TASK DETAILS: Restate word for word only the lines running from the one with "2 Ventanales Hierro. 50€ unidad" to the end of the data, both ends included. Omit any pictures.

RAW DATA:
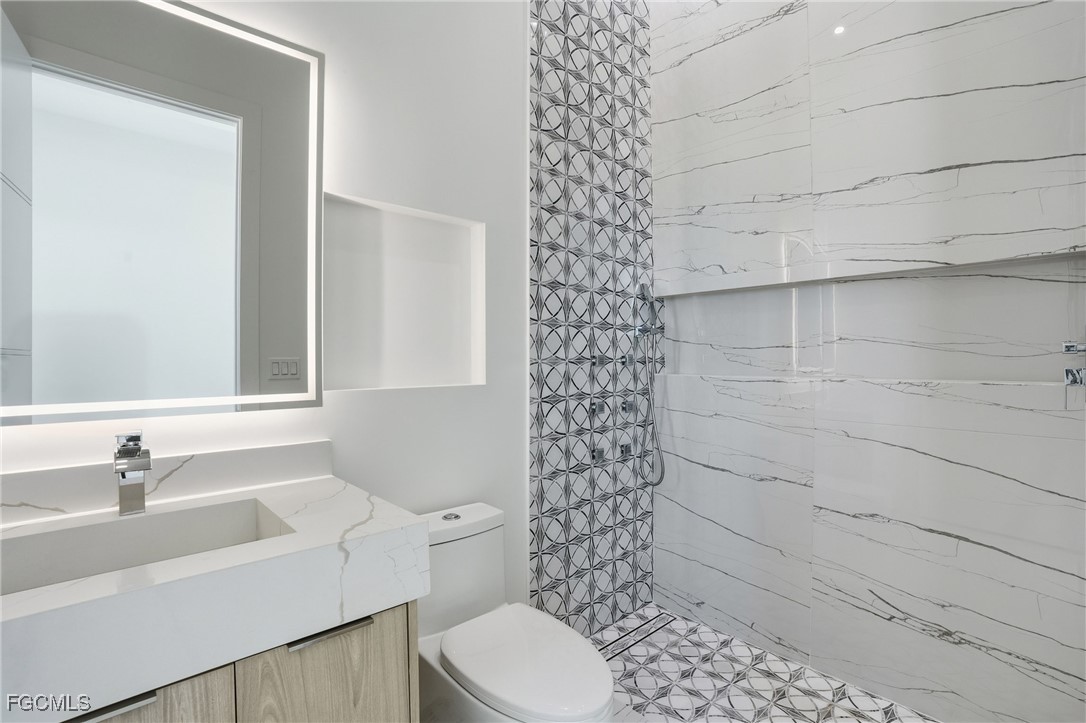 2532 CALOOSA SHORES DR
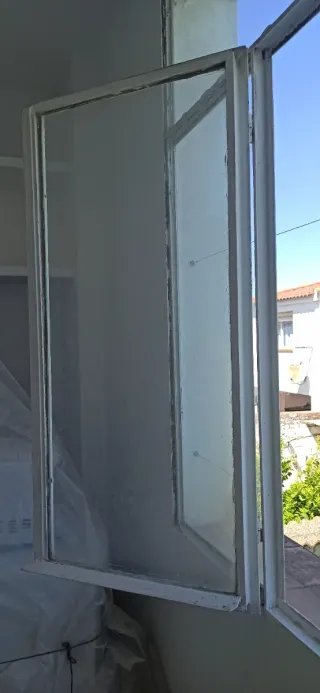 2 Ventanales Hierro. 50€ unidad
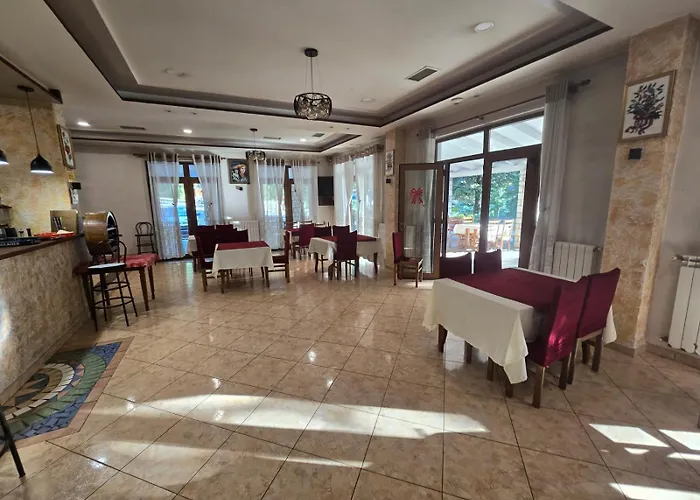 Hotel Bujtina Uji I Panjes, Llogara Dukat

ANSWER SECTION:
 2 Ventanales Hierro. 50€ unidad
 Hotel Bujtina Uji I Panjes, Llogara Dukat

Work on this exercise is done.